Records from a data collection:
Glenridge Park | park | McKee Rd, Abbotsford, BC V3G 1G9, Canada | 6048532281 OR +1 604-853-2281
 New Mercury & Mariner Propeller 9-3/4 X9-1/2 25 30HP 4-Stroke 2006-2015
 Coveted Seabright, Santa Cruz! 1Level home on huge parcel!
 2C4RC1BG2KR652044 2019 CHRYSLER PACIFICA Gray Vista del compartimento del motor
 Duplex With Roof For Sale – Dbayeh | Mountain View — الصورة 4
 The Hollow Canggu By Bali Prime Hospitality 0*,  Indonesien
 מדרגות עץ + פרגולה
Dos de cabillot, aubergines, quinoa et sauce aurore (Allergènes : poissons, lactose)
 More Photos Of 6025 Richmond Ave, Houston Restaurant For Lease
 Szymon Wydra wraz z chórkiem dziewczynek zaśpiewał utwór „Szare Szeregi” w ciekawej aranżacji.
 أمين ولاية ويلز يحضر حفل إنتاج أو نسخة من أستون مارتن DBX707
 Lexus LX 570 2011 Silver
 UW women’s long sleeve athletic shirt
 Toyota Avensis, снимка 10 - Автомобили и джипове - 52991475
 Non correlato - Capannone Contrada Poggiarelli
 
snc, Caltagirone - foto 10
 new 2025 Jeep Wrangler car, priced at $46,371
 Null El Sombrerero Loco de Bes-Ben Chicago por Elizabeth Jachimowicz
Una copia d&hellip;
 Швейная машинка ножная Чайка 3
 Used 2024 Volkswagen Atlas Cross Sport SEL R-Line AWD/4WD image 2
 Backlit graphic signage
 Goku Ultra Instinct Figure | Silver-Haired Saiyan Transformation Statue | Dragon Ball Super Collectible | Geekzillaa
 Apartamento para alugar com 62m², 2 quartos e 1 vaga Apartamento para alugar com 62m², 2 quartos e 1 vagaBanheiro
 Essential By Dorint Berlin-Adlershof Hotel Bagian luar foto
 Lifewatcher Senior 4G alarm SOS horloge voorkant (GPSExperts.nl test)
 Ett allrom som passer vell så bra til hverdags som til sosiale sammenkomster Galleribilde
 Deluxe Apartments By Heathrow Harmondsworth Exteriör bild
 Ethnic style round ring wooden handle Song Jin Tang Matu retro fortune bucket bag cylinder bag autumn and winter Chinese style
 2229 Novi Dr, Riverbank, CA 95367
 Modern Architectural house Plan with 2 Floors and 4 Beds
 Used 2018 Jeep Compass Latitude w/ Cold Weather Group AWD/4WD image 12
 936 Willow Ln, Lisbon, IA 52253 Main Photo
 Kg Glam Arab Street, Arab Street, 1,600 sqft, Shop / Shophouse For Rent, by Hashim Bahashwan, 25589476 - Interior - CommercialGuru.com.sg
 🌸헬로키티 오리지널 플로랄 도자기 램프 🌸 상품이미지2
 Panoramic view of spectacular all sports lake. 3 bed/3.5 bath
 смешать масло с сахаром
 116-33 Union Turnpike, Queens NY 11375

» **Task requirements**: Find the line with "936 Willow Ln, Lisbon, IA 52253 Main Photo" in the data above. Restate it and all later lines word for word, ending with the last line.

» **Answer to this problem**:
 936 Willow Ln, Lisbon, IA 52253 Main Photo
 Kg Glam Arab Street, Arab Street, 1,600 sqft, Shop / Shophouse For Rent, by Hashim Bahashwan, 25589476 - Interior - CommercialGuru.com.sg
 🌸헬로키티 오리지널 플로랄 도자기 램프 🌸 상품이미지2
 Panoramic view of spectacular all sports lake. 3 bed/3.5 bath
 смешать масло с сахаром
 116-33 Union Turnpike, Queens NY 11375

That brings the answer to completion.